[[ RAW DATA, beginning ]]
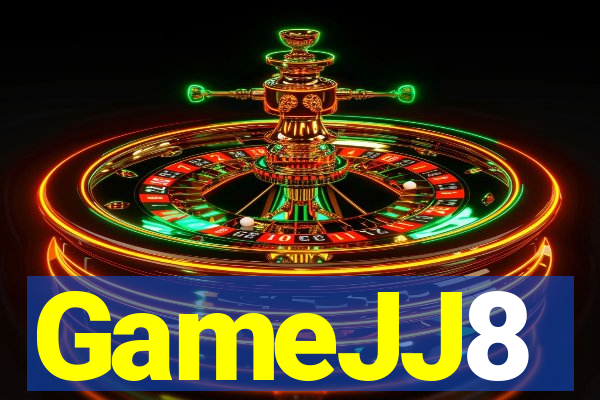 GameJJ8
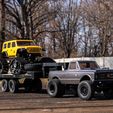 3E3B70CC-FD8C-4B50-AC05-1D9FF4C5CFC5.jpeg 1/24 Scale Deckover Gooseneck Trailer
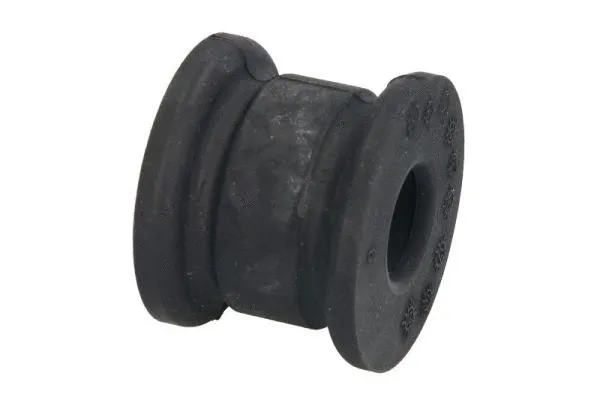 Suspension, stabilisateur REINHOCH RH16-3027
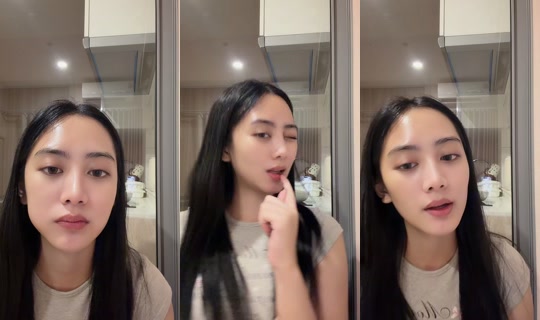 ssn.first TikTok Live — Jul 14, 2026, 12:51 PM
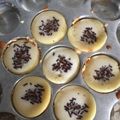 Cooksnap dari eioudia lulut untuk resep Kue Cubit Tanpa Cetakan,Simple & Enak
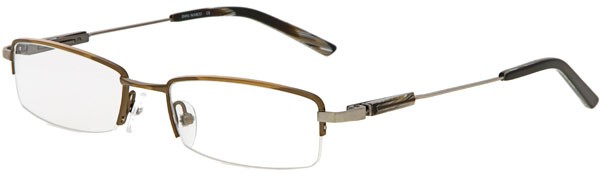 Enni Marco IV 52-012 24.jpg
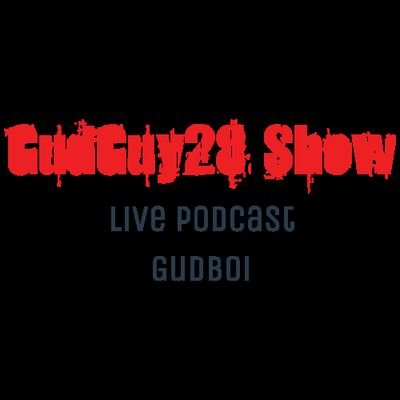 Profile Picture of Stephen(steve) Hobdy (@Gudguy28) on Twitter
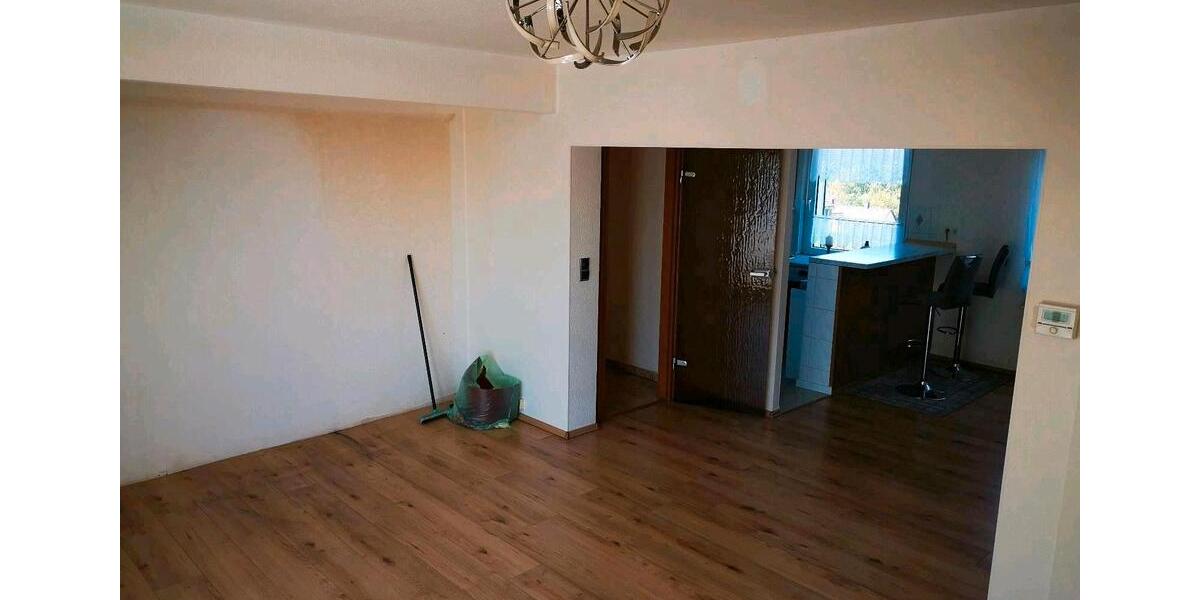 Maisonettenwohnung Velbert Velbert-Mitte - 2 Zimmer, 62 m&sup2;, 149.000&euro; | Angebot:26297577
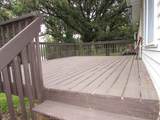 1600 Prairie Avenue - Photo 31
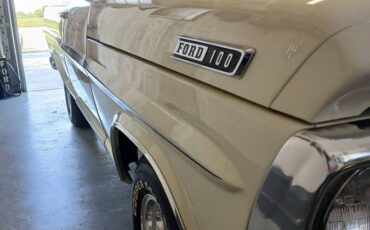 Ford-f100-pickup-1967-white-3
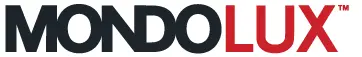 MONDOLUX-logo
[[ RAW DATA, end ]]
TASK DETAILS: The entries above should be written out in full, and any picture in them left out.

RESULT FOR THIS TASK:
 GameJJ8
 3E3B70CC-FD8C-4B50-AC05-1D9FF4C5CFC5.jpeg 1/24 Scale Deckover Gooseneck Trailer
 Suspension, stabilisateur REINHOCH RH16-3027
 ssn.first TikTok Live — Jul 14, 2026, 12:51 PM
 Cooksnap dari eioudia lulut untuk resep Kue Cubit Tanpa Cetakan,Simple & Enak
 Enni Marco IV 52-012 24.jpg
 Profile Picture of Stephen(steve) Hobdy (@Gudguy28) on Twitter
 Maisonettenwohnung Velbert Velbert-Mitte - 2 Zimmer, 62 m&sup2;, 149.000&euro; | Angebot:26297577
 1600 Prairie Avenue - Photo 31
 Ford-f100-pickup-1967-white-3
 MONDOLUX-logo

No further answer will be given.